As the authoritative force in Employment Law, we are committed to ensuring that we live up to our word by keeping you in the loop, informed, and enlightened about various legal and non-legal issues related to labor law. Through our ongoing series, we have provided you with crucial information on how to enforce restrictive covenants and protect trade secrets. To ensure that we keep you in the loop, this blog is Part VIII and the last in our abridged series on “Fundamental Aspects of Restrictive Covenants.” In Part VII, we provided you with a hands-on guide on “Understanding Reasonable Time Restrictions for Covenants.” As promised, we aim to enlighten you on “How to Set Enforceable Restraints on a Person’s Activity” in this blog.
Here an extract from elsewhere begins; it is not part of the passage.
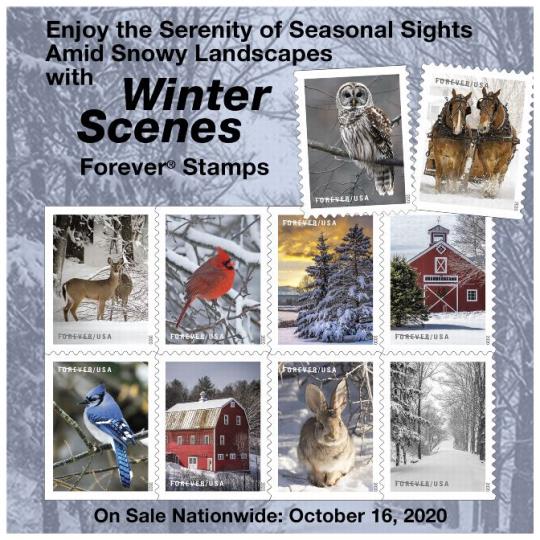 Back Cover. Postal Bulletin, 22562, December 31, 2020. Enjoy the Serenity of Seasonal Sights Amid Snowy Landscapes with Winter Scenes Forever Stamps. On sale Nationwide: October 16, 2020.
How to Set Enforceable Restraints on a Person’s Activity
When drafting an enforceable restrictive covenant, an employer should make sure to define the scope of restrained activity. From a legal perspective, most states enforce restrictive covenants in which employees are restricted from providing sales services similar to those provided by a competitor. In most cases, covenants that consist of narrowly tailored clauses on scopes of activity will be enforced by courts. This implies that an employer could increase the chances that their covenants are enforced by including clauses and statements through which employees’ prohibited activities are specifically identified. For instance, a court will likely enforce a restriction where an employee has been restricted from offering similar development and research functions for a new employer, where the scope and extent of the banned research have been specifically delineated.
Technically, although it might seem the same to restrict an employee from undertaking a given role or assuming a given position or job title with a competitor, restrictive covenants might be rendered meaningless because of the variation in the meaning and scope of job titles in different companies. Nonetheless, restrictions prohibiting an employee from associating with a competitor in any capacity have been upheld by courts in limited circumstances. However, such restrictions have been found overly unreasonable and broad by most courts. Thus, as a best practice, employers should try to tailor restrictions to titles or positions that are substantially similar or even the same to the previous one an employee held before engaging with the new employer.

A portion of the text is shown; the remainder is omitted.